No satisfecho con violar la Constitución (en ella se prohíbe explícitamente que el Estado realice cualquier actividad empresarial que pueda ser prestada por privados), Petro-Perú ha decidido pararse peligrosamente en el borde de la ley.
La semana pasada, la empresa estatal habría presentado una oferta preliminar para comprar los activos de la española Repsol en el país. Estos incluyen sus estaciones de servicio, la envasadora de gas, Solgas y la planta de refinería La Pampilla. La decisión, al parecer, no habría venido del directorio de Petro-Perú (que, dicho sea de paso, no la aprobó ni siquiera), sino desde el Ministerio de Energía y Minas (MEM), evidenciando las intenciones políticas detrás de esta misión.
Esta nueva inversión se suma a los US$2.691 millones que se destinarán a la modernización de la refinería de Talara en los próximos años y a los US$1.400 millones que costarán, entre otros proyectos relacionados, el gasoducto andino del sur y un polo petroquímico en Ilo (para lo cual el MEM hará un aumento de capital por US$400 millones). Tomando en cuenta que las utilidades anuales promedio de Petro-Perú en los últimos años bordean los US$100 millones, nos podemos hacer una idea de dónde saldrán los aportes para estos proyectos: de los contribuyentes. Ya sea por medio de contribuciones directas del fisco o por medio del aval implícito de este a los préstamos generados para llevar a cabo las operaciones. Y todo para que un Estado que aún no puede prestar satisfactoriamente los servicios básicos de salud, educación, seguridad, justicia y demás pase a sumar a sus funciones y obligaciones las de grifero.

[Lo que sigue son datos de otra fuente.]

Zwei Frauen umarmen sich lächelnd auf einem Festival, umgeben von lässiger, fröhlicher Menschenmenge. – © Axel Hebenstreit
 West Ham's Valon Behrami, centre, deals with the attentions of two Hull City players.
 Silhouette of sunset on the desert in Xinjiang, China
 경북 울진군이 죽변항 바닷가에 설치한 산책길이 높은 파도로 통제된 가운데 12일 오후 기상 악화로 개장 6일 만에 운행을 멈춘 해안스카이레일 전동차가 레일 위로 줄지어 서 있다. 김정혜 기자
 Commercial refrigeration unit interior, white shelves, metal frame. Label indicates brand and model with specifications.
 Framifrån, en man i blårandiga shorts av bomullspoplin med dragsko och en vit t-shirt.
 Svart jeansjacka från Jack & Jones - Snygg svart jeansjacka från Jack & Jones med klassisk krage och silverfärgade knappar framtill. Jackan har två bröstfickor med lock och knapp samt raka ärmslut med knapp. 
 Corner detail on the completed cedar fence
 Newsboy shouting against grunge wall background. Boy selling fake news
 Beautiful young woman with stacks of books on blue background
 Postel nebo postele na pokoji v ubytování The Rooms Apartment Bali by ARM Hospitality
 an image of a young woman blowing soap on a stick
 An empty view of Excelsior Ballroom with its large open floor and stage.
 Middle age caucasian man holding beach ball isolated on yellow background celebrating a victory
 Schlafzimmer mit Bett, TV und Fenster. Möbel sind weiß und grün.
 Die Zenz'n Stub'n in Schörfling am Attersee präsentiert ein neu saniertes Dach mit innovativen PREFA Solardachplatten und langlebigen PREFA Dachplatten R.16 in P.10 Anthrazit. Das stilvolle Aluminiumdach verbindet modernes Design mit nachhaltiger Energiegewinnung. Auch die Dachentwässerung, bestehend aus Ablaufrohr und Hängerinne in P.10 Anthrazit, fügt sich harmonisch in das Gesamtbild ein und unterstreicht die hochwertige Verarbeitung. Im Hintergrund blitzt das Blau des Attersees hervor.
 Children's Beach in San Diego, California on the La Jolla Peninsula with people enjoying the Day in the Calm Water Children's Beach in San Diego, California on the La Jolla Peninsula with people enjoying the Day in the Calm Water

Por otro lado, vale la pena preguntarse: ¿Cuál será el próximo paso? ¿Supermercados? ¿Pollerías? ¿Por qué no hoteles? Al fin y al cabo estos no son más que ejemplos de campos en que ya antes ha incursionado el Estado y que pueden resultar tan “estratégicos” como el negocio del petróleo.
Aun así, sin embargo, los costos de esta nueva aventura empresarial podrían no ser tan graves en comparación con el daño potencial que podría significar para los consumidores, o sea, para todos los peruanos.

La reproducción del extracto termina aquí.